As per SEBI guidelines, focused equity mutual fund schemes are allowed to invest in a maximum of 30 stocks. Unlike many other fund categories, they come with no limitations on market capitalization or sector allocation, much like flexi cap schemes. This gives fund managers the freedom to invest across the board, based purely on their convictions. If that kind of investment flexibility interests you, focused equity funds may be worth exploring.

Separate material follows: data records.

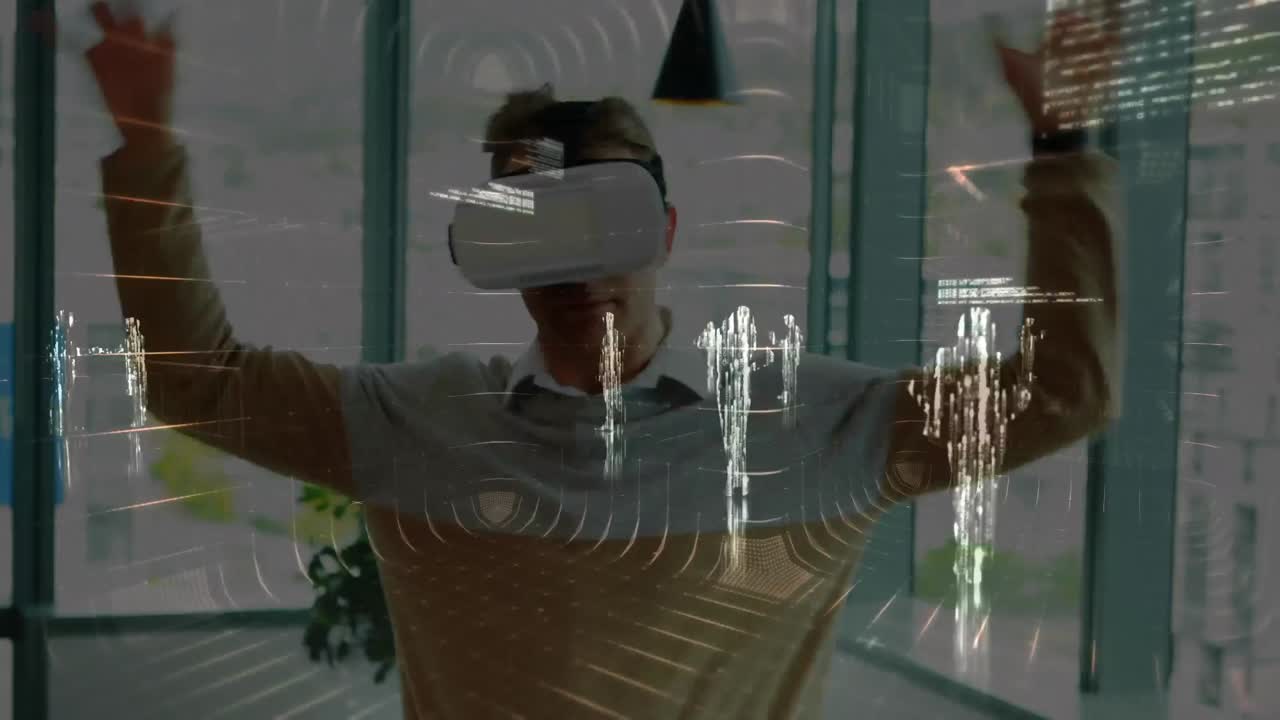 Animation of financial data processing over businessman using vr headset
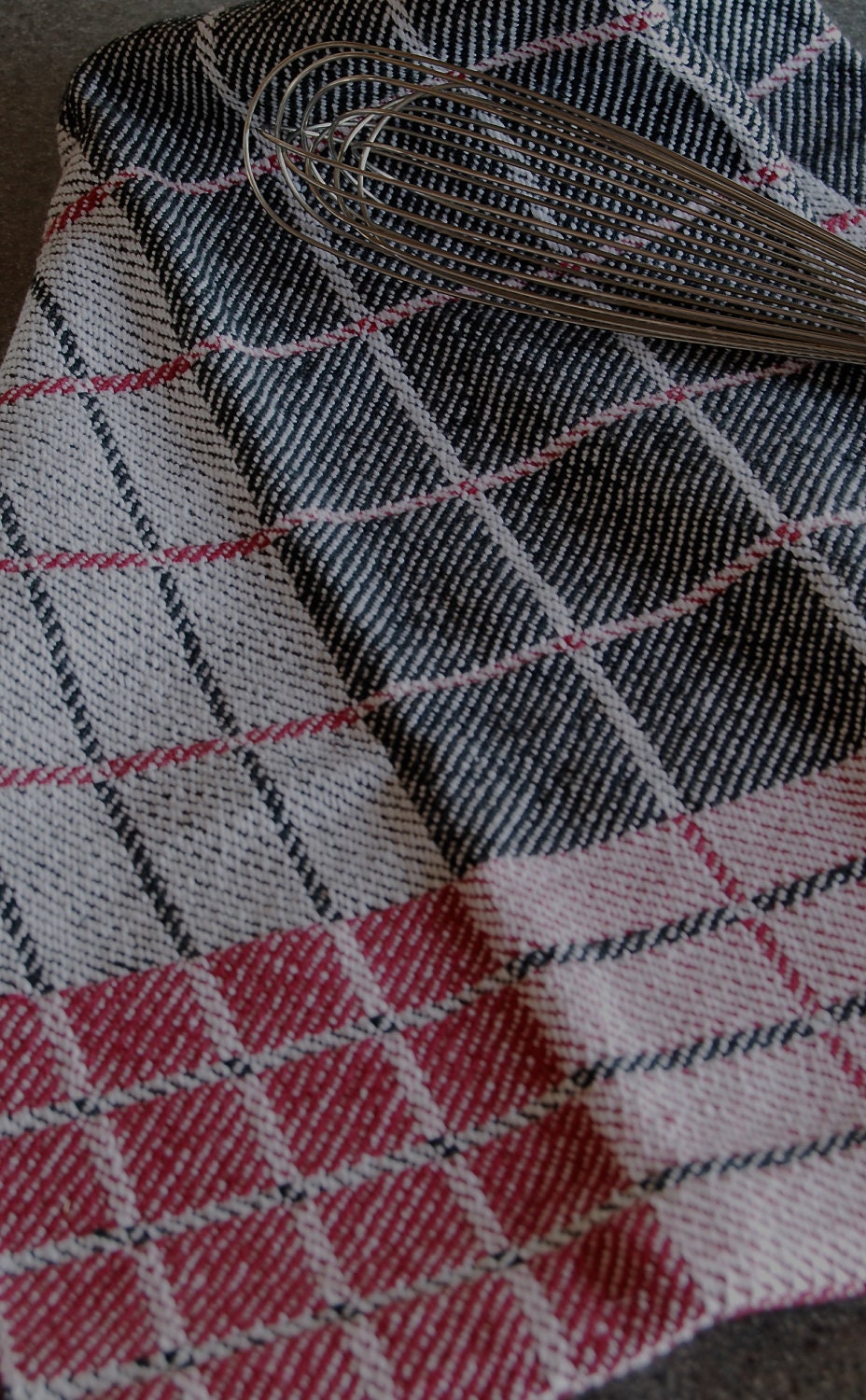 Handwoven Cotton LinenTea Towel- Farmhouse Blocks Black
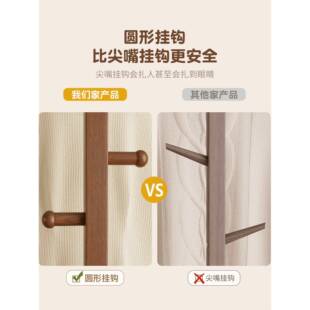 实木全身落地试家CYJ023用卧室可旋镜转移动衣镜子带挂衣架一体穿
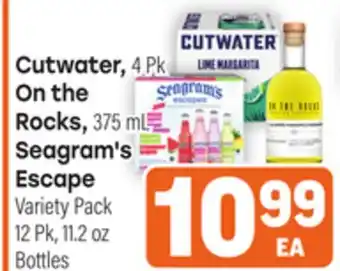 Tony’s Fresh Market Cutwater, 4 Pk On the Rocks, 375 mL Seagram's Escape Variety Pack 12 Pk, 11.2 oz Bottles offer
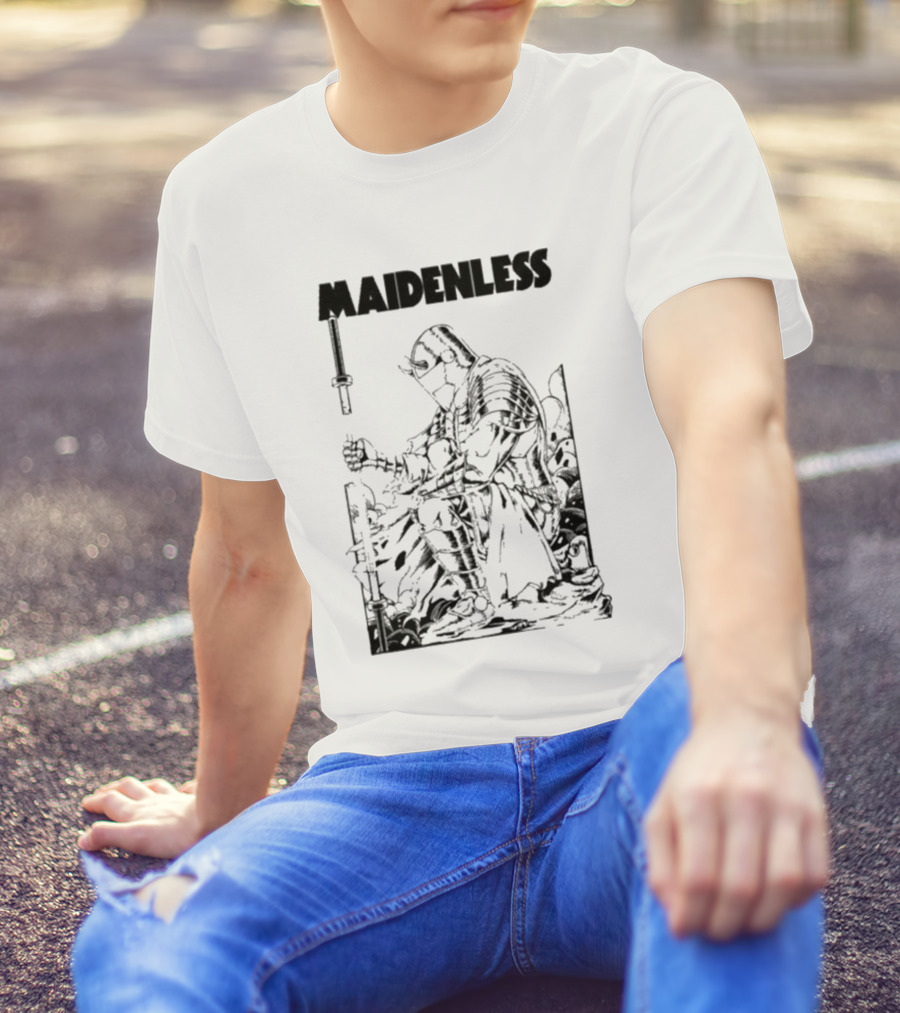Maidenless Vintage Knight Artwork In Monochrome T-Shirt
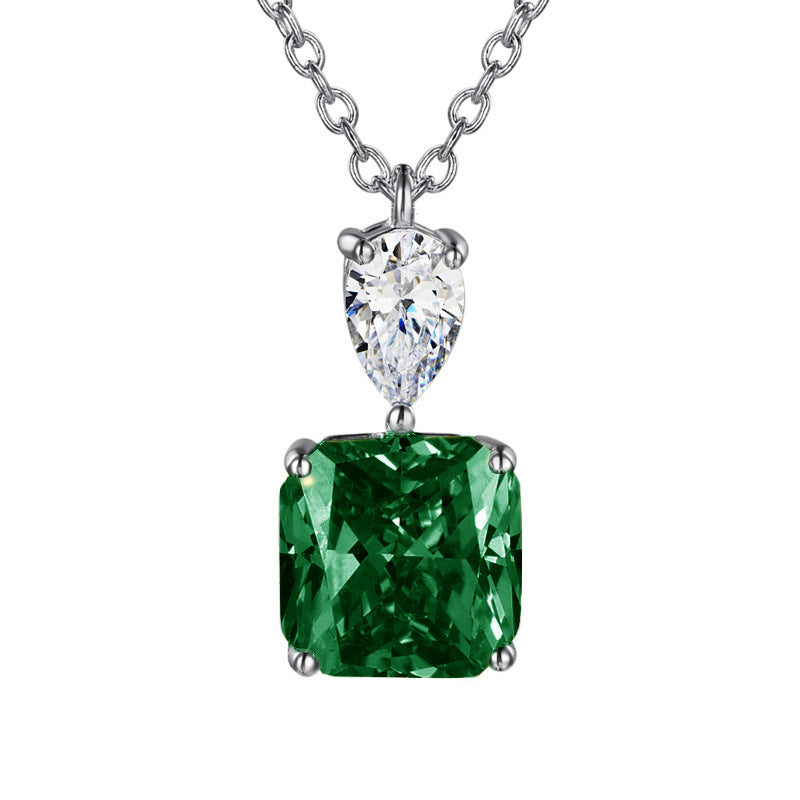 Collier de pierres précieuses carrées de couleur Zircon pour femme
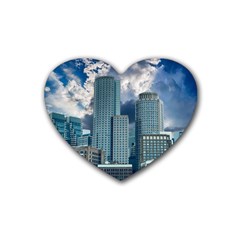 Tower Blocks Skyscraper City Modern Heart Coaster (4 Pack)  by Celenk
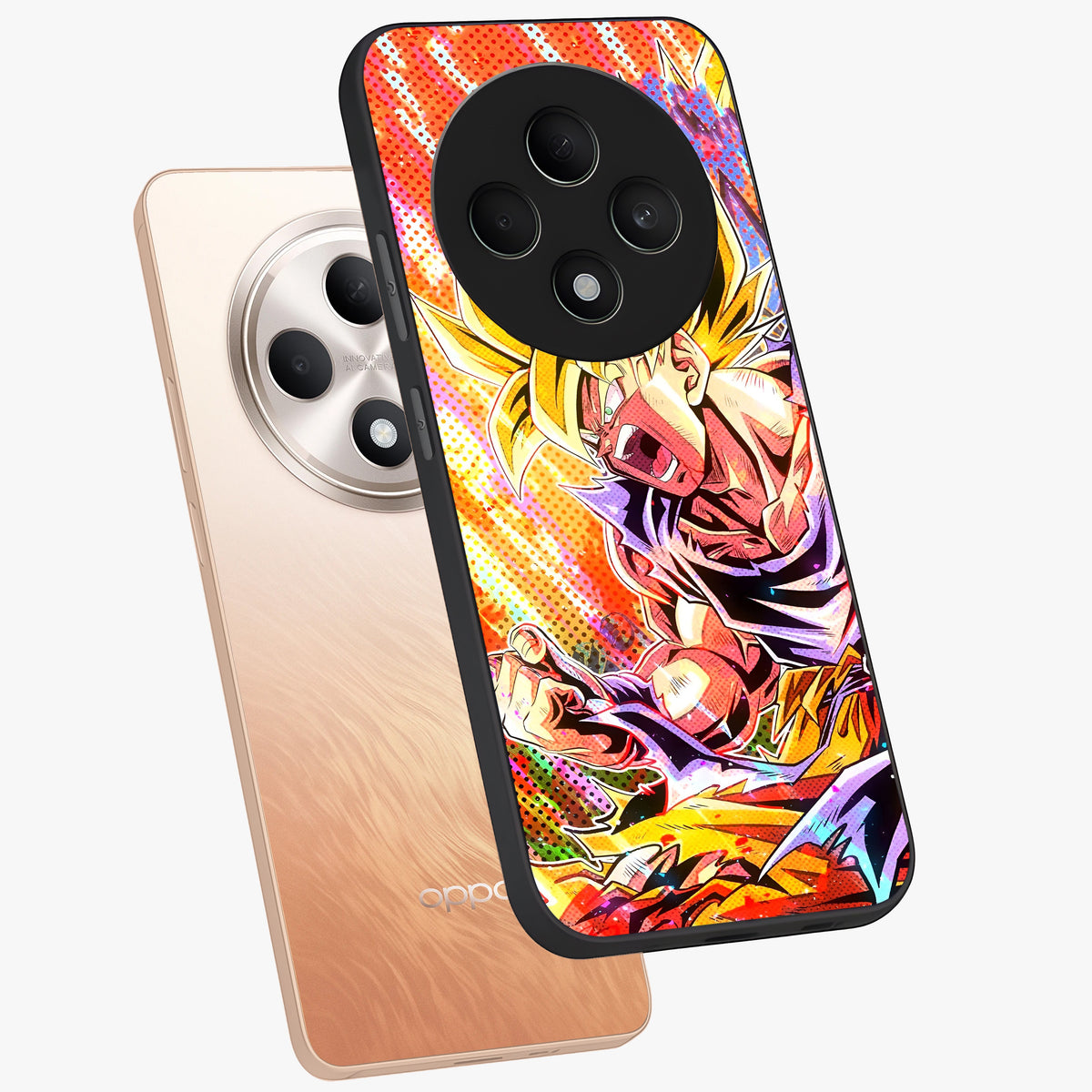Firing Goku Glass Case displayed in angled mockup highlighting dynamic anime character design with action aesthetic.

Focused equity funds invest in a limited number of stocks, allowing fund managers to take high-conviction bets. This can lead to strong returns if their picks work out—but poor choices can hurt performance significantly. The same applies to their sector and market-cap calls. These funds suit investors with a high risk appetite and a long-term horizon of at least seven years. Check out our latest recommendations and follow monthly updates to track performance.
Final Thoughts
Focused mutual funds aren’t suited for cautious investors, but for those who can handle market ups and downs, they offer the potential for strong long-term gains. As of April 2025, the market environment favors investors looking to capitalize on India’s growth through a concentrated investment strategy. Be sure to consult your financial advisor before investing to confirm the fund aligns with your overall portfolio strategy.